I realize not many people look up the reflectivity specs of reflective tape, but if you do, you'll see this is exceptionally reflective prismatic-type tape. It's also got a gloss finish so it retains reflectivity when wet, whereas satin-finish reflective material will lose a significant amount of reflectivity when wet.

More food for thought:

1) your backpack's up high where headlights normally won't hit it very strongly. Consider a pair of the Jog-A-Lite reflective legbands from REI, which will be down low in the "hot" part of the headlight beam, and they move too.

2) when putting reflective stuff on the backpack, consider that you'll be in a road-riding position, so you'll want reflectivity mainly down low, possibly even on the bottom of the bag, so it's facing the motorist when you're in riding position.
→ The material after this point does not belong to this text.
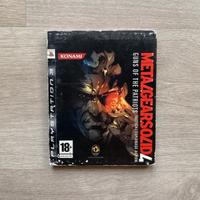 Metal Gear Solid 4 Limited Edition PS3 PAL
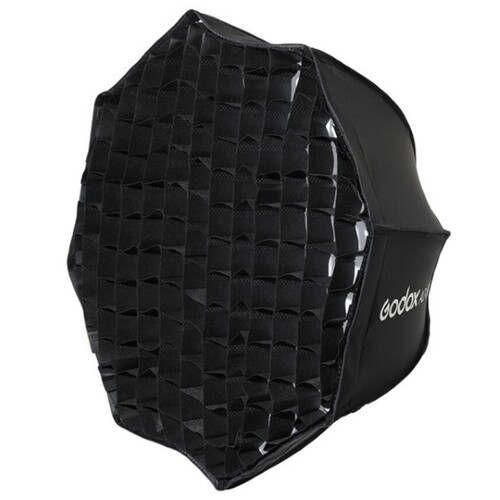 Godox AD-S60S 60cm Umbrella Parabolic Softbox (Silver) with GRID - Godox Mount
3) reflective stuff won't help if the viewer hasn't turned on the headlights yet, so clip on a blinkie or two.


----------



## saf-t (Sep 24, 2008)

I hang one of these from the bottom of my backpack- works pretty well. Plus blinkies.


----------



## Slim Again Soon (Oct 25, 2005)

The guy who developed the "3 Feet, Please" jersey now has "3 Feet. Please" backpacks.

www.3feetplease.com

The text (even though it is black) is reflective -- and there are other reflective bits on the pack as well. And the pack itself is bright yellow.
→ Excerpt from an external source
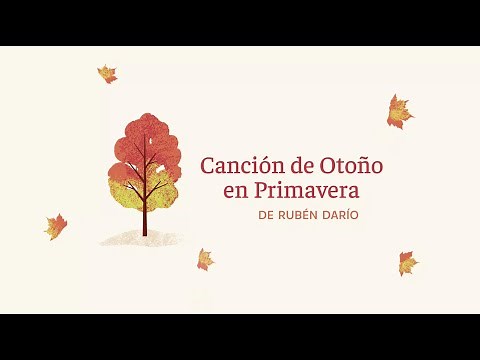 Canción de Otoño en Primavera #DiaMundialDelLibro 2021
I had my hands on a prototype -- it was well-designed and was one tough bag.


----------



## JohnnyTooBad (Apr 5, 2004)

I would suggest finding an appropriate backpack that fits and rides well, and can handle everything you need. Then just get some 3M SOLAS tape and stick it on. I like to make the old safety triangle. It's crazy reflective and will not come off because it is meant to be stuk to fabric. I also put some on my seat stays and the backs of my shoes. Also clip a Planet Bike SuperFlash onto the back of your pack and one on the seatpost.


----------



## RedRex (Oct 24, 2004)

first thing I would do is replace your plastic seatpost with a metal one, then attach a quick release trunk rack. 

20 minutes? How about a buying a beater bike?


----------



## 180 (Jan 10, 2009)

This one should do the trick and I think its on clearance.










https://www.freemanscycles.co.uk/product2.asp?product_id=2028&pname=Reflective Backpack


----------



## fast ferd (Jan 30, 2009)

It took only one ride to know using a backpack did not work best for me. It put some strain on my back, neck, & shoulders - sore for a couple days - not to mention the high center of gravity wreaked havoc with my handling. Maybe a short commute won't affect you much, but I'd recommend not loading too much into your LARGE backpack.


----------



## m_s (Nov 20, 2007)

I agree with those who say to add reflective tape to a backpack you like. Fit and comfort are important, and just adding reflective stripes yourself lets you use the best fitting backpack you can get your hands on. I suggest going to REI or a local hiking/outdoor sports shop and trying stuff on. I really like Osprey for fit and quality but there ae lots of good brands.


----------



## RedRex (Oct 24, 2004)

I commuted with this pack for a few years before buying a proper commute bike:
http://www.rei.com/product/778465
I bought one of those reflective triangle belts and pinned the triangle to the lower/bottom of the backpack.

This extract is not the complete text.